## What is required
All lines from the one containing "Bộ Đồ Chơi Rút" through the end of the data below must be reproduced exactly, and no others.

<<<<

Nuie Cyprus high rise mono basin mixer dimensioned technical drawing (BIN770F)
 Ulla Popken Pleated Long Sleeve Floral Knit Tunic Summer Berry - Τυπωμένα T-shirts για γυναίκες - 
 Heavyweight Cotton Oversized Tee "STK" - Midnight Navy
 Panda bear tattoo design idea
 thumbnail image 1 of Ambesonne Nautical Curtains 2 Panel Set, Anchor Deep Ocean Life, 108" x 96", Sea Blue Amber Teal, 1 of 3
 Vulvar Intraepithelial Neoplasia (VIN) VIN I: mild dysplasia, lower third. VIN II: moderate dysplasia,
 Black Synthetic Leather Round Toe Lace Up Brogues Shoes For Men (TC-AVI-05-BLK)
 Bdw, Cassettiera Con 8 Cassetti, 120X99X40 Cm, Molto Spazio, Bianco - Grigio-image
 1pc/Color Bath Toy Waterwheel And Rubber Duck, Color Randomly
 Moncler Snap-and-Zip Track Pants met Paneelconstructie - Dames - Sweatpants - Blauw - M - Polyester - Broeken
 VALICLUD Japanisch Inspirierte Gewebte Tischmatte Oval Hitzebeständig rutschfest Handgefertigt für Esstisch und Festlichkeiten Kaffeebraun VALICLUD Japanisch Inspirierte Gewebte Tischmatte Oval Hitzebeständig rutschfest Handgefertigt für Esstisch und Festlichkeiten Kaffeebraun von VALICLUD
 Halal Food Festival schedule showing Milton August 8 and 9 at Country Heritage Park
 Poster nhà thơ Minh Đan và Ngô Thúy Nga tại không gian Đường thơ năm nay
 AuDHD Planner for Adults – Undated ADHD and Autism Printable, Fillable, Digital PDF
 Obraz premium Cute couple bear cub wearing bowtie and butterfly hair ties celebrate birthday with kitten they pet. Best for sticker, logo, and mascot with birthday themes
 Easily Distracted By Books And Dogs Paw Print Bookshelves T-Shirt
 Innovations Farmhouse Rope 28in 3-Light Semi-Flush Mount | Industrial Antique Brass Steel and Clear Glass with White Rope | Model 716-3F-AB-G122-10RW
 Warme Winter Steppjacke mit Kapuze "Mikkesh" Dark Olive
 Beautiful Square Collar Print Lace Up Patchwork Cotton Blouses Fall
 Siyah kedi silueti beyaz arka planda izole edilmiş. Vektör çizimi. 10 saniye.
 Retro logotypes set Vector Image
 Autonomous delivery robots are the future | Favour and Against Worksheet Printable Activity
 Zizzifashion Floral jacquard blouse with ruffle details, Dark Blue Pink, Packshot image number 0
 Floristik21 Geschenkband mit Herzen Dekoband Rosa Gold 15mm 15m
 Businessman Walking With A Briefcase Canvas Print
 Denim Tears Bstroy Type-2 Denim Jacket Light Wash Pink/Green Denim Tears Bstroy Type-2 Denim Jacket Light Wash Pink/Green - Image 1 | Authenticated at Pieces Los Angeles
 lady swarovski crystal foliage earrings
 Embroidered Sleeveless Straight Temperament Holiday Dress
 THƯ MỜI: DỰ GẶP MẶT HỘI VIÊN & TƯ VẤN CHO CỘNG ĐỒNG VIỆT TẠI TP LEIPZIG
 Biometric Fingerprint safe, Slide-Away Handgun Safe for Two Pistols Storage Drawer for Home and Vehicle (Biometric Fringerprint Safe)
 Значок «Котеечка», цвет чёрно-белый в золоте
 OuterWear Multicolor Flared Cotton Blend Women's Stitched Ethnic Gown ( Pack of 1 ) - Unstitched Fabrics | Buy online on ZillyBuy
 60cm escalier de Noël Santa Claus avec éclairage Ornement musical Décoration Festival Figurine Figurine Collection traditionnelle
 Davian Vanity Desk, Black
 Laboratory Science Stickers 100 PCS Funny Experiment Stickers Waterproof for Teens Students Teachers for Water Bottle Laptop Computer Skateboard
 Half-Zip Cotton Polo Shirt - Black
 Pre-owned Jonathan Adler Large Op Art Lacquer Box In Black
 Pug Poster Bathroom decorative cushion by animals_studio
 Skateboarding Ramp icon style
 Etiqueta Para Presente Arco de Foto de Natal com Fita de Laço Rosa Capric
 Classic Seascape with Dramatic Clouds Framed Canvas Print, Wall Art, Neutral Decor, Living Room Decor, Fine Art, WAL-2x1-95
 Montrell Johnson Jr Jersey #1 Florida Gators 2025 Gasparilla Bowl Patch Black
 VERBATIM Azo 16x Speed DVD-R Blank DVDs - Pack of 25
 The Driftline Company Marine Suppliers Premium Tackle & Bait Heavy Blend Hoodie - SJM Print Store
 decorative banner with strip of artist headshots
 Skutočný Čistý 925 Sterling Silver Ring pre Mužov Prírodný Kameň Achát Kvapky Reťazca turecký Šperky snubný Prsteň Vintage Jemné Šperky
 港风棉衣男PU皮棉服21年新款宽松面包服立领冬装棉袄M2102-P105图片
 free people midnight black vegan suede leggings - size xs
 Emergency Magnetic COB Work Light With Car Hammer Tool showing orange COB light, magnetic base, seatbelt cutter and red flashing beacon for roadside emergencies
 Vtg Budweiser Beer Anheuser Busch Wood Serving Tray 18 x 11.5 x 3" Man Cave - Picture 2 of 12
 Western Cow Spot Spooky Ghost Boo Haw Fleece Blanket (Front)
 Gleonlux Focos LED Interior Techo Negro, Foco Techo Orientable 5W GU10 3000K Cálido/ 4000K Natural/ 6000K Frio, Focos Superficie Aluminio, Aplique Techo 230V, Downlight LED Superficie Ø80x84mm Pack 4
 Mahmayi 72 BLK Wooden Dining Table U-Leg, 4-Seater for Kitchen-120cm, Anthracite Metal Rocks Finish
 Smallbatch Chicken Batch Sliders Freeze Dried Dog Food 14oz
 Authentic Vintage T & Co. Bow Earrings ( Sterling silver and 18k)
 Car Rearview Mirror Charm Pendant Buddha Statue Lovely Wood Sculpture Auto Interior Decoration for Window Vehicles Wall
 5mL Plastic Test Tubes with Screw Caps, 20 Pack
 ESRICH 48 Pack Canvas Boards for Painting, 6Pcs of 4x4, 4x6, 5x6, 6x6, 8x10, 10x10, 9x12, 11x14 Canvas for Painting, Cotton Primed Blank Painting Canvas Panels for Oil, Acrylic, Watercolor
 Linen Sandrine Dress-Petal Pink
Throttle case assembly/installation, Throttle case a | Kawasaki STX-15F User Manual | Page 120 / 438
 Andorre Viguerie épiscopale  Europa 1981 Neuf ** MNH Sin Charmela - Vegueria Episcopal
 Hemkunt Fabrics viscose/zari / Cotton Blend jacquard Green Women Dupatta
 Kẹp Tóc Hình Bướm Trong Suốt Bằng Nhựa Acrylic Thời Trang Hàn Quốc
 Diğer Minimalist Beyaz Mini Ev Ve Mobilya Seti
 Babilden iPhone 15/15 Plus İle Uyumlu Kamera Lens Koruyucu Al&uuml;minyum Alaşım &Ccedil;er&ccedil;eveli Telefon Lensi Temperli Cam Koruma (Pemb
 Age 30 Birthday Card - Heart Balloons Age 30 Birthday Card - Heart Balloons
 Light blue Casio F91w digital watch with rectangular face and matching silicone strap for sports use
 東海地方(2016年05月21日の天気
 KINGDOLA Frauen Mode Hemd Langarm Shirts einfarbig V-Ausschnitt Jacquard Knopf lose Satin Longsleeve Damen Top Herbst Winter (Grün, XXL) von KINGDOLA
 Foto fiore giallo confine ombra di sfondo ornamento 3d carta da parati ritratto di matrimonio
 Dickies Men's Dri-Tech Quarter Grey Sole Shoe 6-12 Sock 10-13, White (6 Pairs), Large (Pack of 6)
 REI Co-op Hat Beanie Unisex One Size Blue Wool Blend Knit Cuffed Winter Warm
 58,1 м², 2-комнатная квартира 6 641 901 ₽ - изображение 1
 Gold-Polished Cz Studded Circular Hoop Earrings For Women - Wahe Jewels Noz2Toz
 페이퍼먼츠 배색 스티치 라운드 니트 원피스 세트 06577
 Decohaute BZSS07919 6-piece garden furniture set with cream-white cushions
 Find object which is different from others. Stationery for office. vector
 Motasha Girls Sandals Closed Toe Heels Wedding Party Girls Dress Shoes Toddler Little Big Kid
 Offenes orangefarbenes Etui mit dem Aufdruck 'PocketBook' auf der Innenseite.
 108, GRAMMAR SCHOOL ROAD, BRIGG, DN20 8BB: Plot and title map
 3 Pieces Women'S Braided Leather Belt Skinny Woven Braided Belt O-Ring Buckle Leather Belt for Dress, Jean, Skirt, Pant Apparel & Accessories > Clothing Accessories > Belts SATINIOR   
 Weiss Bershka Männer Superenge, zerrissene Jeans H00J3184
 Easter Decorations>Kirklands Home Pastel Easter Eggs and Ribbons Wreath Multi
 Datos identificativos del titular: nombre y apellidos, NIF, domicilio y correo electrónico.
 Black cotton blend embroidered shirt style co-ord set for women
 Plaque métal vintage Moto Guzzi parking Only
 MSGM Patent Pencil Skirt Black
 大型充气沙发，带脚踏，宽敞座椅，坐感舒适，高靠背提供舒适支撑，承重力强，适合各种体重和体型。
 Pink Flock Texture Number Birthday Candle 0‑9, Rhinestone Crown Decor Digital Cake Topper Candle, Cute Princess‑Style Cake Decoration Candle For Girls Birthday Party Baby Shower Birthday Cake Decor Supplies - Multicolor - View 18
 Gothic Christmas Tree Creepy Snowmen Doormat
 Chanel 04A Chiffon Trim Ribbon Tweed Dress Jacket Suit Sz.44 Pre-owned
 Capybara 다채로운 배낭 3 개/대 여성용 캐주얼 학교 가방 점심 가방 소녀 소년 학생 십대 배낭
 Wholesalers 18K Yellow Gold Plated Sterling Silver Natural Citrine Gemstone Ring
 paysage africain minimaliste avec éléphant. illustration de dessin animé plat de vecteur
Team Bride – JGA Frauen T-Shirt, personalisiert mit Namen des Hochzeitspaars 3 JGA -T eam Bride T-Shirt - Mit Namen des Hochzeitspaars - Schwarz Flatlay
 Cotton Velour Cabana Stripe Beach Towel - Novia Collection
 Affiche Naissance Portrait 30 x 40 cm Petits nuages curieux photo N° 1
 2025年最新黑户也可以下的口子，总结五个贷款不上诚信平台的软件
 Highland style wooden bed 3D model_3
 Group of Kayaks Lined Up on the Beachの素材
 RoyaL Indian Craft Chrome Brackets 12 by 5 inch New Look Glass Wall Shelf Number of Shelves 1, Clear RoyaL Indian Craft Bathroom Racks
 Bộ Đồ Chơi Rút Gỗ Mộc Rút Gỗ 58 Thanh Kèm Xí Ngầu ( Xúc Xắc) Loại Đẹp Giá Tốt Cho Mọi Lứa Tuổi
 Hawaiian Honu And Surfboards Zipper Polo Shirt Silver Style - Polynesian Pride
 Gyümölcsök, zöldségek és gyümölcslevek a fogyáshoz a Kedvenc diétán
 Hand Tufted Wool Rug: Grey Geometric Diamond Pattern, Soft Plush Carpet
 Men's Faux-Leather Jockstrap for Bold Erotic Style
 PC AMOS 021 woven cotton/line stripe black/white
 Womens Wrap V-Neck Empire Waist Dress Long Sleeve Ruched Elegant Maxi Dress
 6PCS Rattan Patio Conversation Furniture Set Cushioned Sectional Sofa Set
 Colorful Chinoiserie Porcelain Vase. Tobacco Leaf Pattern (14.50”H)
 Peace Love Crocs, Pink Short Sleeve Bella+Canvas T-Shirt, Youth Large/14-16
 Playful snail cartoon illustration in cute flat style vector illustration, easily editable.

>>>>

## Solution to the problem
 Bộ Đồ Chơi Rút Gỗ Mộc Rút Gỗ 58 Thanh Kèm Xí Ngầu ( Xúc Xắc) Loại Đẹp Giá Tốt Cho Mọi Lứa Tuổi
 Hawaiian Honu And Surfboards Zipper Polo Shirt Silver Style - Polynesian Pride
 Gyümölcsök, zöldségek és gyümölcslevek a fogyáshoz a Kedvenc diétán
 Hand Tufted Wool Rug: Grey Geometric Diamond Pattern, Soft Plush Carpet
 Men's Faux-Leather Jockstrap for Bold Erotic Style
 PC AMOS 021 woven cotton/line stripe black/white
 Womens Wrap V-Neck Empire Waist Dress Long Sleeve Ruched Elegant Maxi Dress
 6PCS Rattan Patio Conversation Furniture Set Cushioned Sectional Sofa Set
 Colorful Chinoiserie Porcelain Vase. Tobacco Leaf Pattern (14.50”H)
 Peace Love Crocs, Pink Short Sleeve Bella+Canvas T-Shirt, Youth Large/14-16
 Playful snail cartoon illustration in cute flat style vector illustration, easily editable.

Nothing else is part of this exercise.